Dopo le reti, le membrane elastiche. Ne fa uso Fuksas nello
Zenith di Strasburgo (2003-08), con la sua membrana arancione messa in tensione da cinque anelli ellittici di acciaio,
enormi Hula Hoop non paralleli fra loro. Di notte pare un gigantesca lanterna cinese, come il NAtional Art Museum Of
China proposto da Koolhaas per Pechino nel 2011. Koolhaas
aveva già sperimentato il meme nel Prada Transformer a Seoul
del 2009. Il padiglione tetraedrico era fatto per ospitare quattro tipi di evento (di arte, cinema, moda e architettura), assumendo per ciascuno una posizione differente: aveva infatti
l'interessante particolarità di poter essere appoggiato stabilmente su ciascuna delle quattro facce, costituite da telai di acciaio a forma di cerchio, croce, esagono e rettangolo.
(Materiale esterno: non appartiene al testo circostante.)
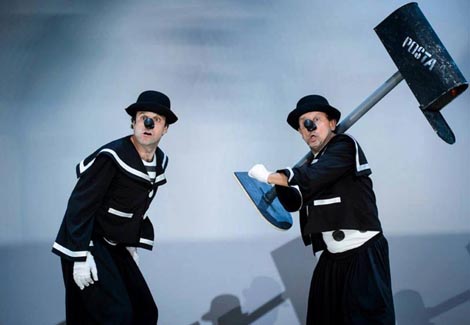 Gradsko kazalište Marina Držića Dubrovnik / Kazalište PlayDrama, Split: Daniil Harms, Nalik na tikvu, red. Goran Golovko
La membrana biancastra semitrasparente che lo imbozzolava era di
cocoon, materiale messo a punto dagli americani per usi militari che tende a ingiallire nel tempo, come sa chiunque abbia
comprato una lampada Flos fatta di quel materiale negli anni
'60 dai fratelli Castiglioni o da Tobia Scarpa.
Così il meme del mostrare/celare, senza alcuna volontà,
senza alcuna intenzione, zitto zitto prosegue il suo percorso
evolutivo in molti campi, architettura compresa. E confido che
una piccola mano gliela darà pure il presente articolo.